Hope all of this makes sense. Now I have one (probably very simple) question. How can I manually set coefficients in existing linear model, obtained with lm()? That is, I'm looking for something like:
coef(model)[2] <- 60
This code doesn't work of course, but you should get the idea. Note: it is obviously possible to just double values in memory column in data frame, but I'm looking for more elegant solution, affecting model, not data.
The following code is a bit complicated because lm() minimizes residual sum of squares and with a fixed, non optimal coefficient it is no longed minimal, so that would be against what lm() is trying to do and the only way is to fix all the rest coefficients too.
To do that, we have to know coefficients of the unrestricted model first. All the adjustments have to be done by changing formula of your model, e.g. we have
price ~ memory + screen_size, and of course there is a hidden intercept. Now neither changing the data directly nor using I(c*memory) is good idea. I(c*memory) is like temporary change of data too, but to change only one coefficient by transforming the variables would be much more difficult.

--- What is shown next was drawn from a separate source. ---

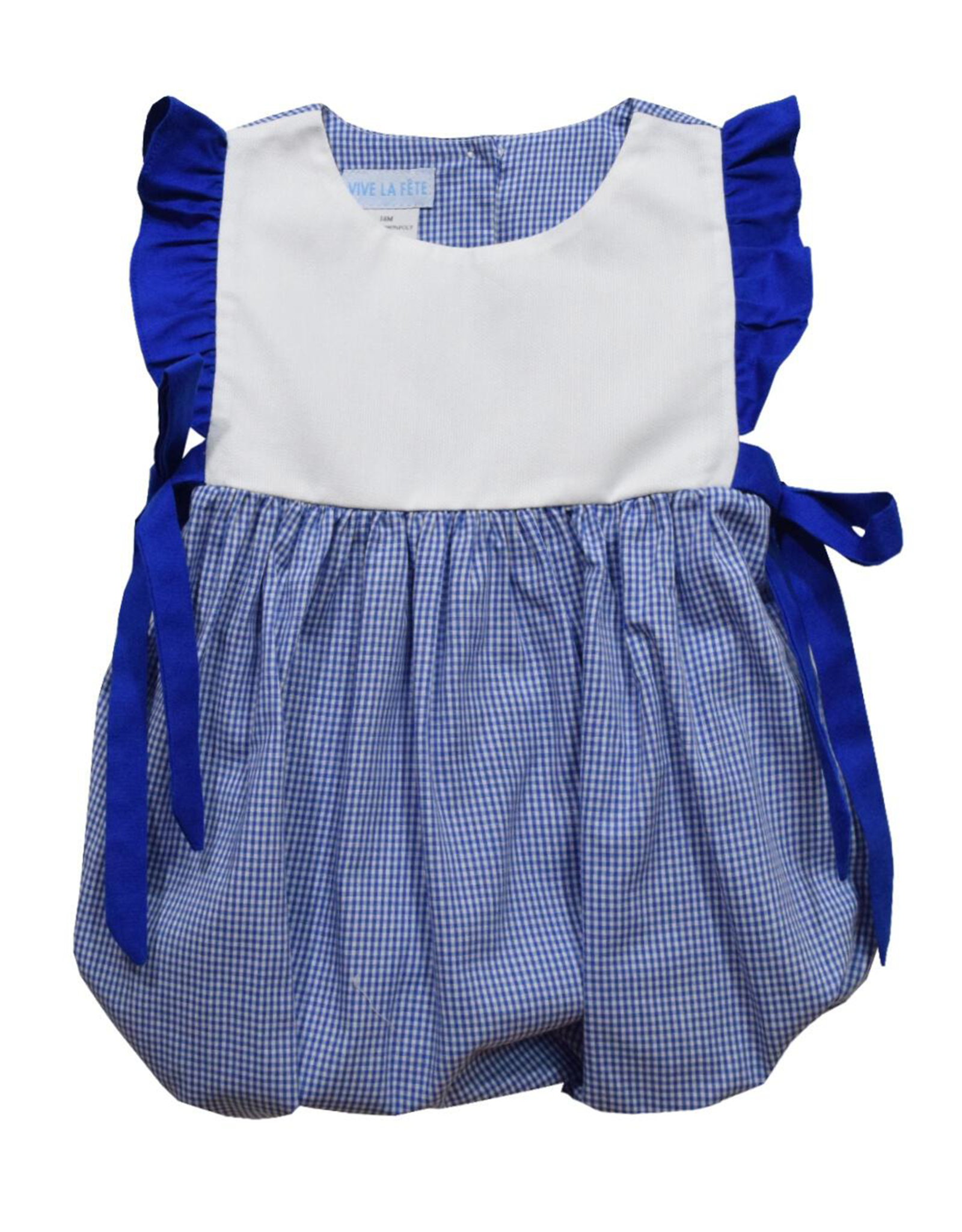 Vive la Fete VFF25 Girls Bubble Royal Blue Gingham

So first we change price ~ memory + screen_size to price ~ offset(c1*memory) + offset(c2*screen_size). But we haven't modified the intercept, which now would try to minimize residual sum of squares and possibly become different than in original model. The final step is to remove the intercept and to add a new, fake variable, i.e. which has the same number of observations as other variables:
price ~ offset(c1*memory) + offset(c2*screen_size) + rep(c0, length(memory)) - 1
# Function to fix coefficients
setCoeffs <- function(frml, weights, len){
el <- paste0("offset(", weights[-1], "*",
unlist(strsplit(as.character(frml)[-(1:2)], " +\\+ +")), ")")

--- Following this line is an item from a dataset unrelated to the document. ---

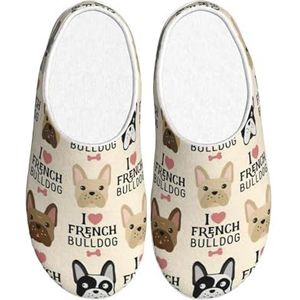 EdWal I Love Franse Bulldog print winter warme pantoffels indoor anti-slip pluche pantoffels ontspannen thuis voor vrouwen mannen, Zwart, 37.5 EU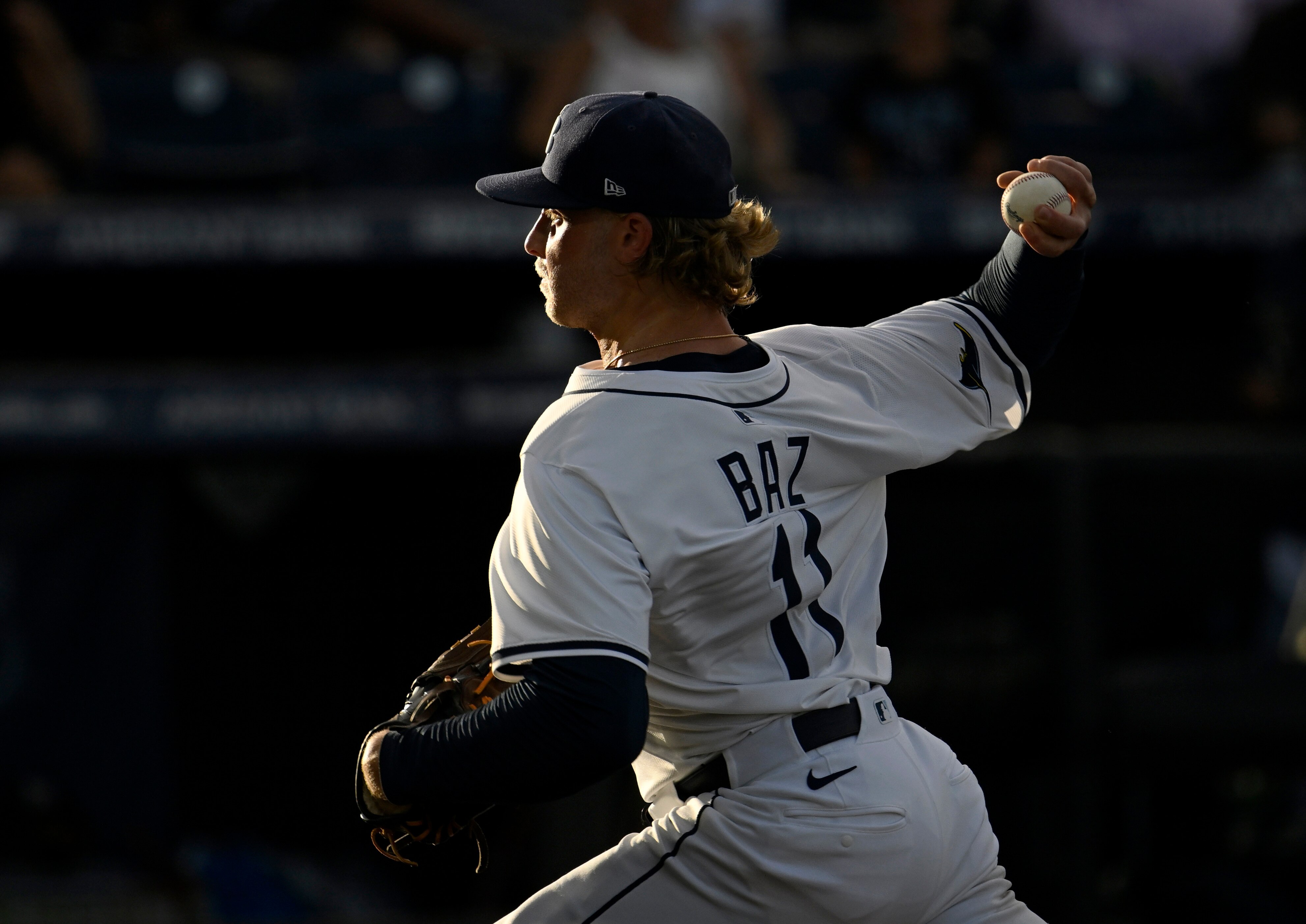 Tampa Bay Rays pitcher Shane Baz throws during the second inning of a baseball game against the Athletics Tuesday, July 1, 2025, in Tampa, Fla.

el <- c(paste0("offset(rep(", weights[1], ",", len, "))"), el)
as.formula(paste(as.character(frml)[2], "~",
paste(el, collapse = " + "), " + -1"))
}
# Example data
df <- data.frame(x1 = rnorm(10), x2 = rnorm(10, sd = 5),
y = rnorm(10, mean = 3, sd = 10))
# Writing formula explicitly
frml <- y ~ x1 + x2
# Basic model
mod <- lm(frml, data = df)
# Prime coefficients and any modifications. Note that "weights" contains
# intercept value too
weights <- mod$coef
# Setting coefficient of x1. All the rest remain the same
weights[2] <- 3
# Final model
mod2 <- update(mod, setCoeffs(frml, weights, nrow(df)))
# It is fine that mod2 returns "No coefficients"
Also, probably you are going to use mod2 only for forecasting (actually I don't know where else it could be used now) so that could be made in a simpler way, without setCoeffs:
# Data for forecasting with e.g. price unknown
df2 <- data.frame(x1 = rpois(10, 10), x2 = rpois(5, 5), y = NA)
mat <- model.matrix(frml, model.frame(frml, df2, na.action = NULL))
# Forecasts
rowSums(t(t(mat) * weights))
It looks like you are doing optimization, not model fitting (though there can be optimization within model fitting). You probably want something like the optim function or look into linear or quadratic programming (linprog and quadprog packages).
If you insist on using modeling tools like lm then use the offset argument in the formula to specify your own multiplyer rather than computing one.